**Data segment:**

◇ ◇ ◇ ◇

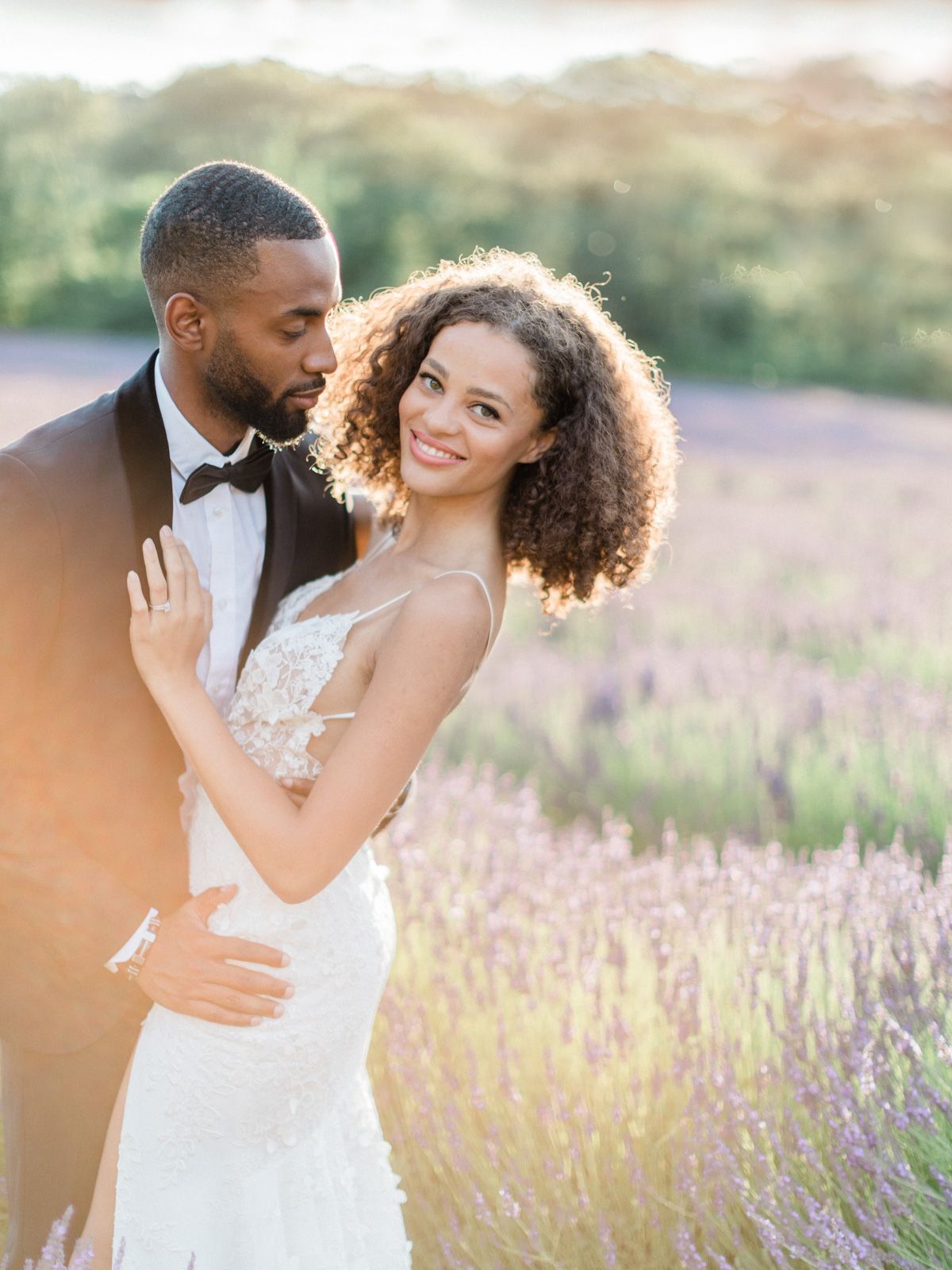 Photo d'un couple de mariés au milieu des Lavandes prise par Thomas Raboteur photographe de mariage Nantes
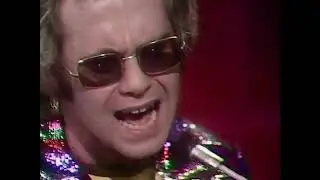 Elton John - Tiny Dancer  [1972] sounds better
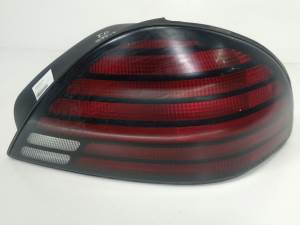 PILOTO TRASERO DERECHO 38720748 PONTIAC GRAND AM Autodesguaces Alicante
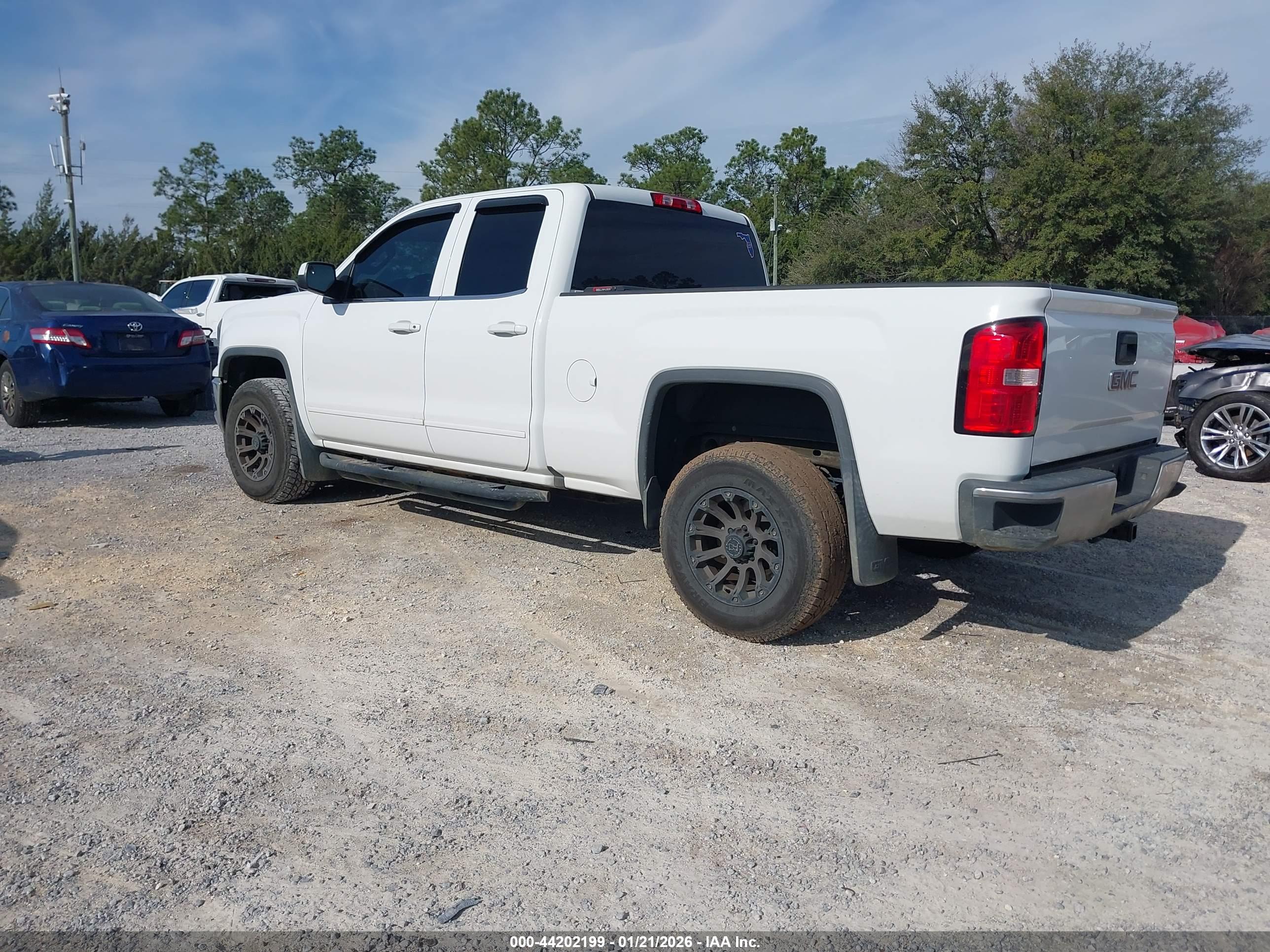 GMC SIERRA image 3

◇ ◇ ◇ ◇

**Task item:** An exact copy of the material is required, minus the pictures.

**Your solution:**
 Photo d'un couple de mariés au milieu des Lavandes prise par Thomas Raboteur photographe de mariage Nantes
 Elton John - Tiny Dancer  [1972] sounds better
 PILOTO TRASERO DERECHO 38720748 PONTIAC GRAND AM Autodesguaces Alicante
 GMC SIERRA image 3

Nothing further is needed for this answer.